3 Principles of a Successful Team

1. The Principle of Diligent Preparation

On an individual level, what it all boils down to is an overall attitude of always being willing to learn.
What are your thoughts on the following:
- How long have you been paddling?
- Does experience count for more than regular training?
- Do you think you've arrived at being the best?
- Or do you think you can still learn about the sport and about getting better?
Don't ever become too comfortable or satisfied. Fact is, the great ones never stop learning and developing. If anyone has "arrived," it would be Michael Jordan. However, listen to what he had to say about this subject:

"When you get to this level, it doesn't stop your learning process. It just doesn't stop, because you‘re getting paid astronomical dollars. You have to continue to improve, because the game is continuing to improve and other players are improving. This is a competitive thing, and you have to stay ahead of the competition ... I want to make my opponents chase me, not the other way around. When I have to chase them, it's time to do something else." (USA Today, January 17, 1996)

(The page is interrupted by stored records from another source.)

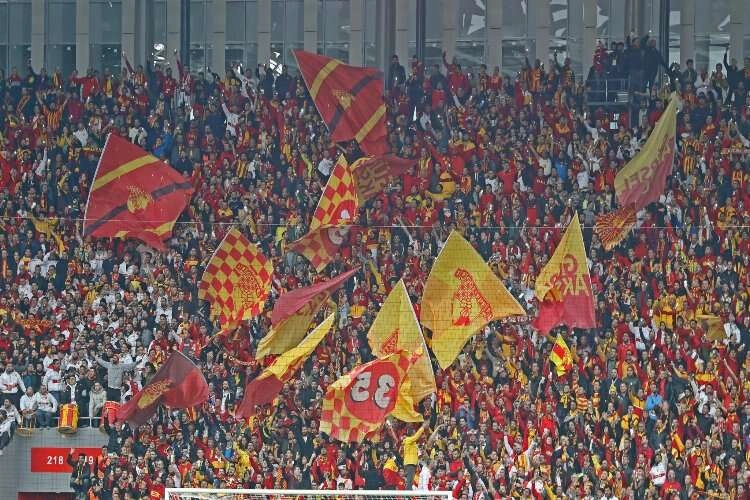 İzmir derbisinin biletleri satışa çıktı haberinin görseli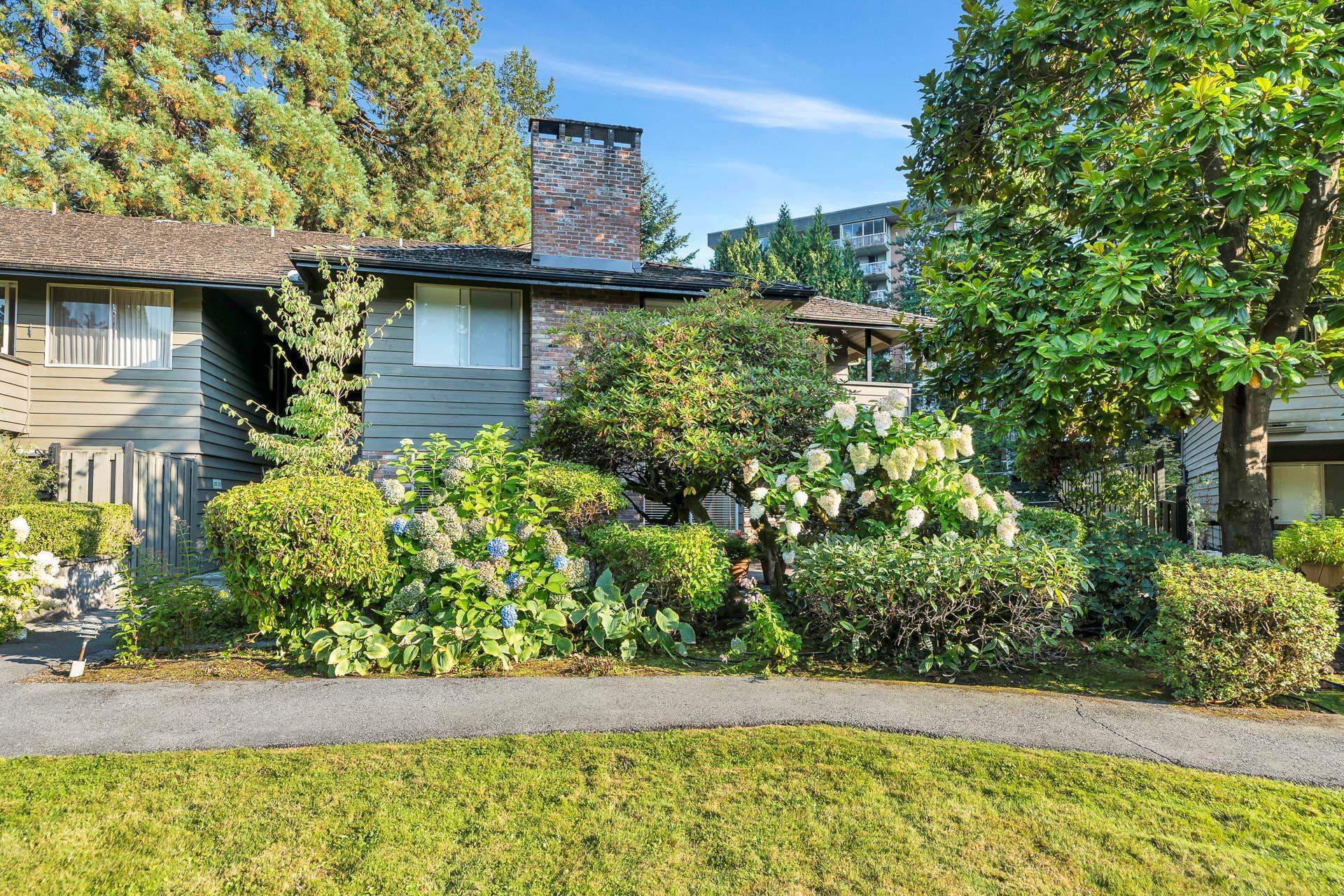 235 Keith Road #208, West Vancouver, BC V7T 1L5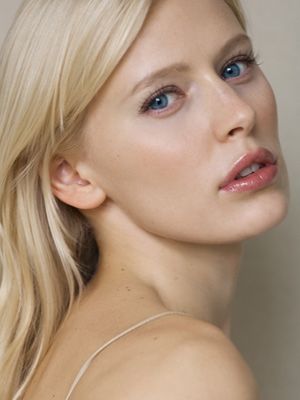 Afiş Anna Sherbinina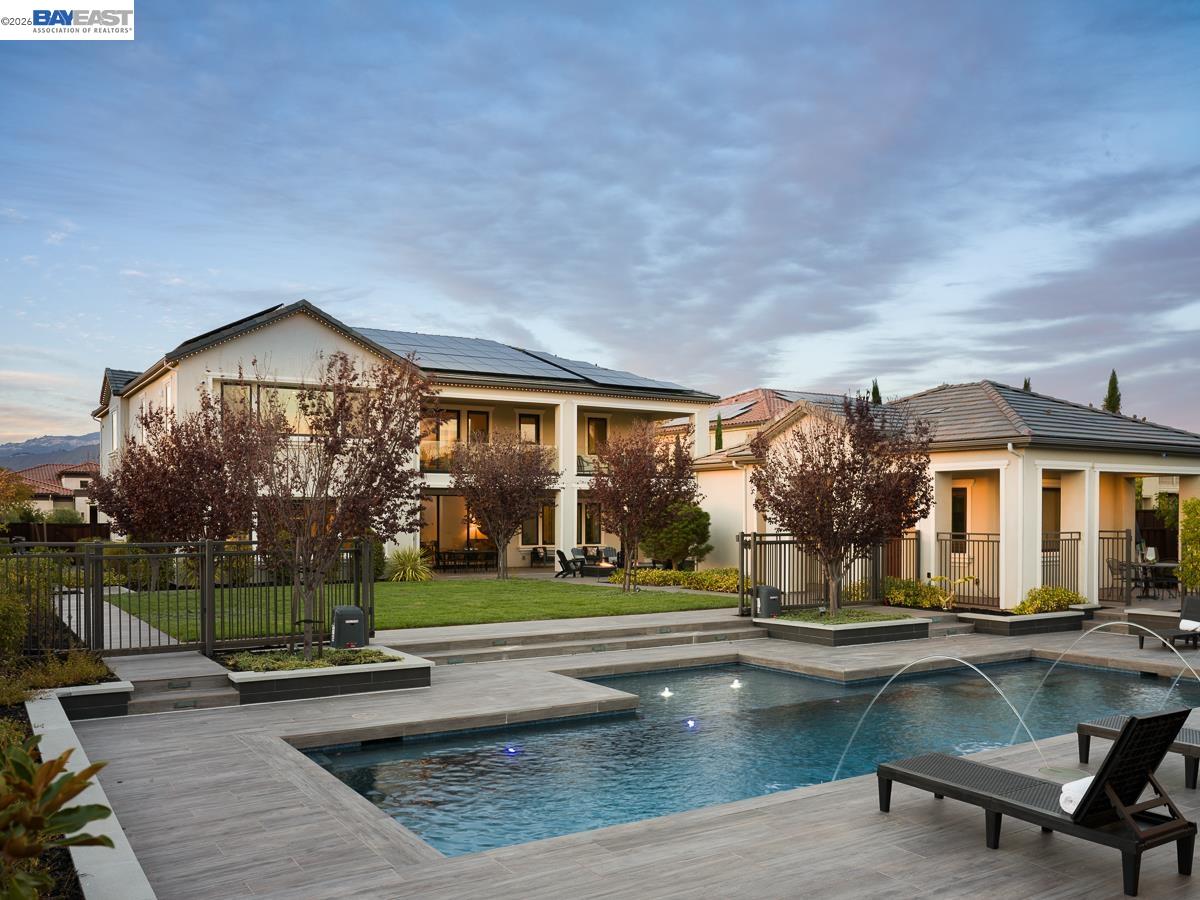 919 Connemara Ct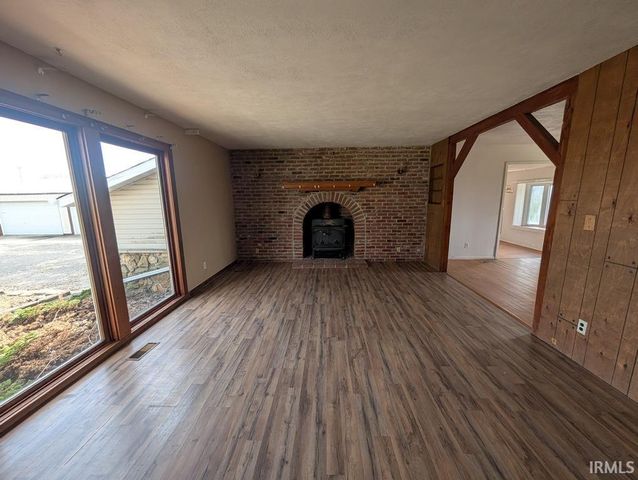 399 E Wilson Road, Bloomfield, IN 47424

2. The Principle of Hard Work

90% of the time, the thing that separates great athletes from good athletes is hard work. A slim-built Arnold Schwarzenegger took up weight lifting at age 14 and became the youngest Mr. Universe at 20 and went on to win Mr. Olympia for a record seven times. As a youngster, he was so dedicated to his training program that he was known to break into the local gym on weekends, when it was usually closed, so that he could train.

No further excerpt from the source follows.